Cet autre apologue met non seulement en garde le spectateur contre le vol, mais il l’incite à se défier de l’art divinatoire, voire à se méfier de celles (puisque ce sont essentiellement des femmes) qui le pratiquent, et en l’occurrence des Bohémiennes en général qui évoluent aux marges de la bonne société d’alors. Chez Georges de la Tour, l’avertissement se double d’une leçon visuelle énoncée selon le principe de la mise en abîme : si le jeune fat avait prêté plus d’attention à l’habit de la voyante qu’à sa propre vêture, il aurait déduit par avance des motifs tissés sur le devant de son manteau qu’il était le petit lapin et elle le puissant rapace.
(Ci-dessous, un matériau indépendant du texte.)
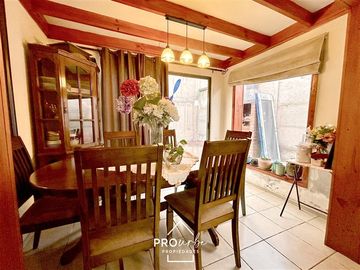 Casa en Venta en ACOGEDORA, BUEN ESTADO, BUEN BARRIO, Hermosas Vistas, Juegos, Parques, Las Vizcachas, Puente Alto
De manière peut-être plus inattendue pour le spectateur actuel, mais d’une façon que les fables de Jean de la Fontaine ne feront qu’entériner à la fin du XVIIe siècle, ce détour par les figures animales se retrouve également dans Le Tricheur à l’as de carreau. Il ne ressort pas cette fois de quelque détail vestimentaire (bien que le fait que les aiguillettes du tricheur soient dénouées à l’emmanchure, au contraire de celles de sa victime, constitue à l’époque un indice évident de sa dépravation), mais il concerne les visages mêmes des quatre protagonistes. Pour un amateur rompu à l’art de la physiognomonie animale, alors en plein développement, sachant par conséquent inférer des traits physiques d’une personne sa personnalité morale d’après leur ressemblance avec ceux prêtés aux animaux, la victime de la tricherie est un pigeon qu’une poule et un goupil (un renard) s’apprêtent à plumer sous le regard complice d’une fouine (dont l’aigrette attaché à son turban n’est cependant pas autographe, mais a fait l’objet d’un ajout postérieur à l’achèvement du tableau).
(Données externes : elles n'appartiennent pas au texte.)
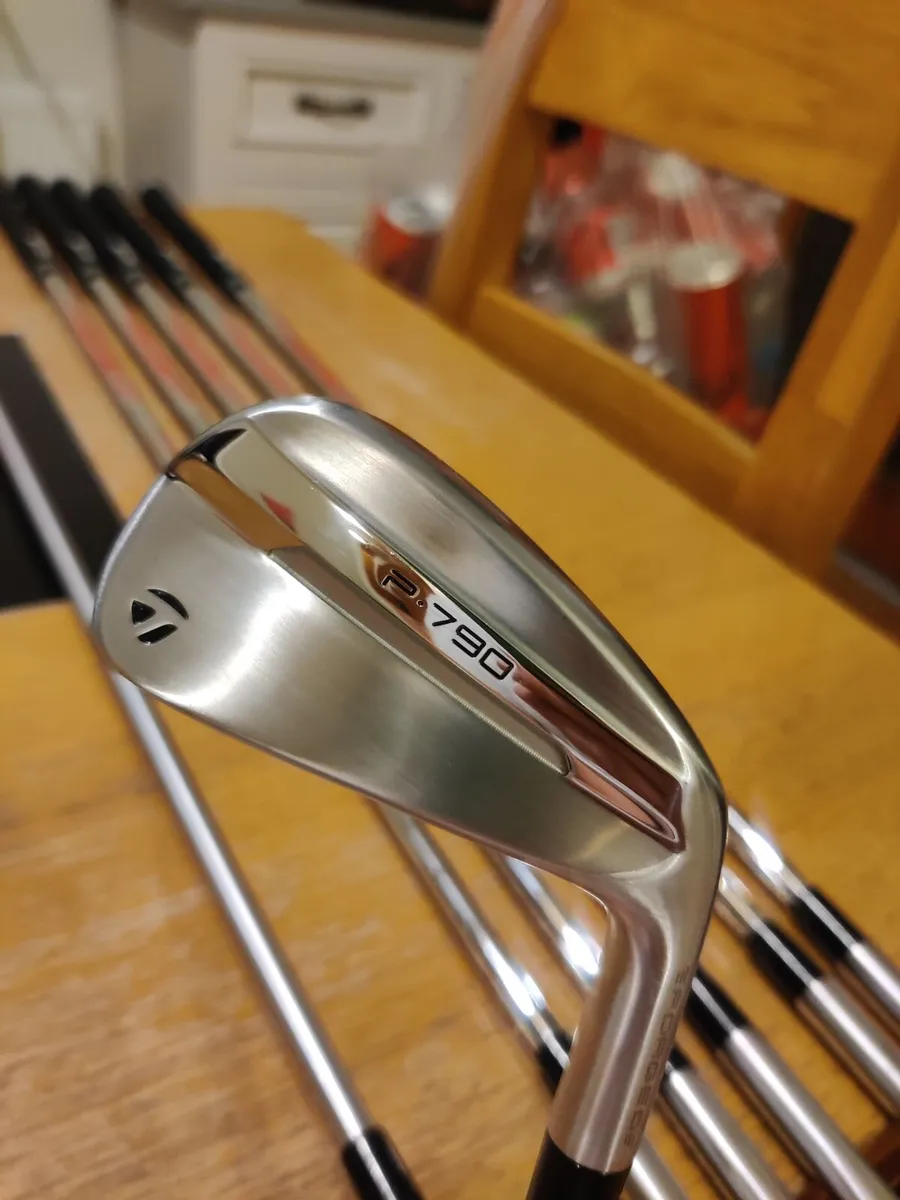 TAYLORMADE P790 irons - Image 1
Dans un cas comme dans l’autre, Georges de la Tour est représentatif d’une époque où le discours moral que véhicule la religion, loin de s’épuiser dans la peinture religieuse proprement dite, trouve dans l’iconographie séculière un moyen de se renouveler, et probablement de se diffuser plus largement dans la société. Que cette diffusion ouvre l’interprétation au lieu de la refermer ne contredit aucunement un projet qui entend, comme les Fables de La Fontaine, instruire en divertissant. Ce processus explique en revanche que la réception actuelle de pareilles représentations puisse faire l’économie de la dimension moralisante qui les anime, sans réduire pour autant la valeur artistique qui reste attachée aux peintures du maître lorrain.
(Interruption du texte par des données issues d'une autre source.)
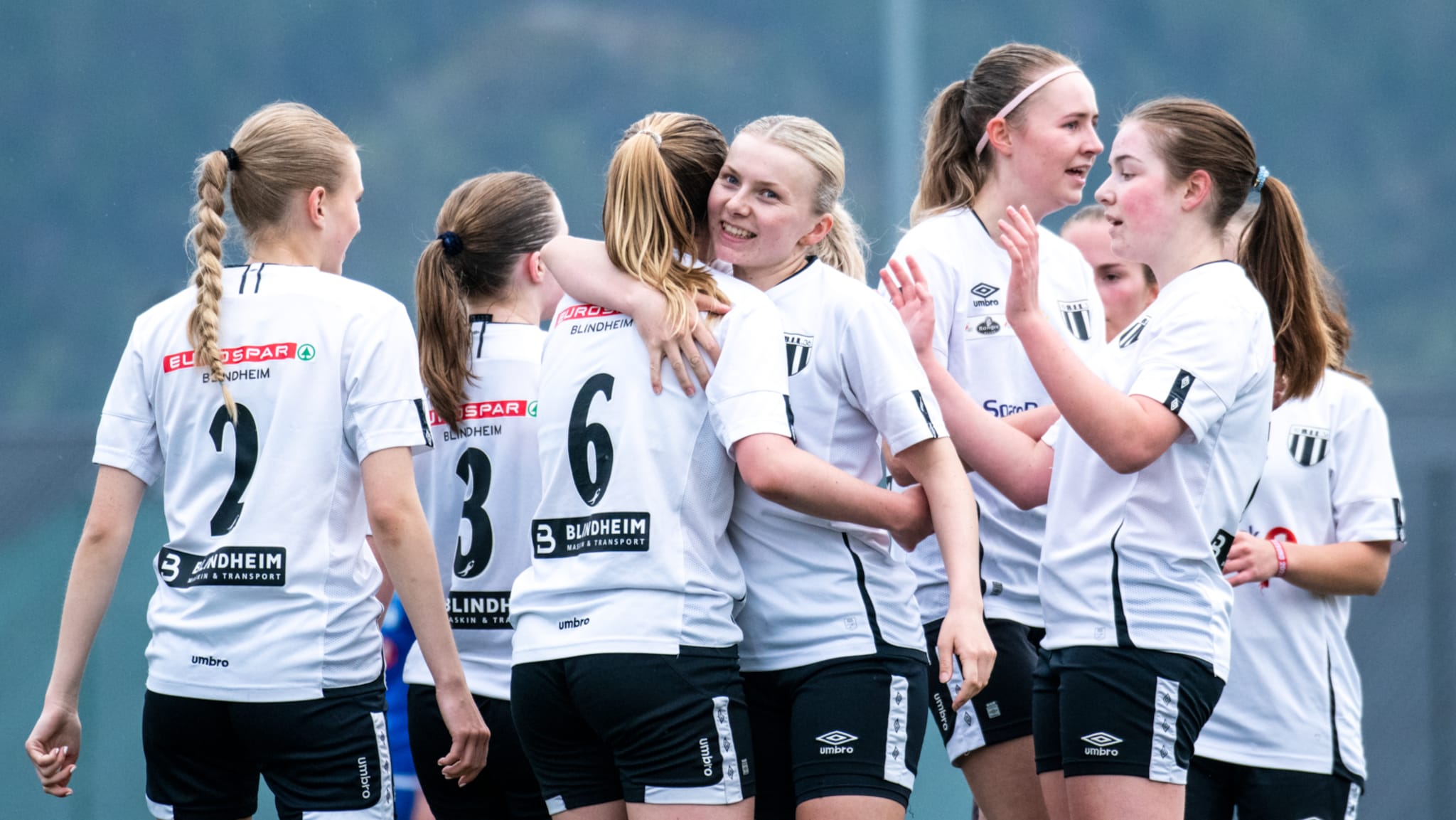 Se direkte: Aksla - Blindheim Semifinale Sunnmørsposten cup fotball kvinner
Alain JAUBERT, « Le dessous des cartes. Le Tricheur à l’as de carreau, vers 1635, Georges de la Tour », in Idem, Palettes, Paris, Gallimard, 1998.
Pascal QUIGNARD, Georges de la Tour, Paris, Galilée, 2005.
Jacques THUILLIER, Georges de la Tour, Paris, Flammarion, 1992.
Jacques THUILLIER, Pierre ROSENBERG (dir.), Georges de la Tour, Paris, Réunion des musées nationaux, 1972.
Pierre ROSENBERG, Marina MOJANA (dir.), Georges de la Tour. Catalogue complet des peintures, Paris, Bordas, 1992.
Guerre de Trente Ans : Guerre européenne qui ravagea notamment le Saint-Empire romain germanique (l’Allemagne) de 1618 à 1648. L’origine du conflit est religieuse : à l’expansion de la Réforme en Allemagne, s’opposent les princes et souverains catholiques.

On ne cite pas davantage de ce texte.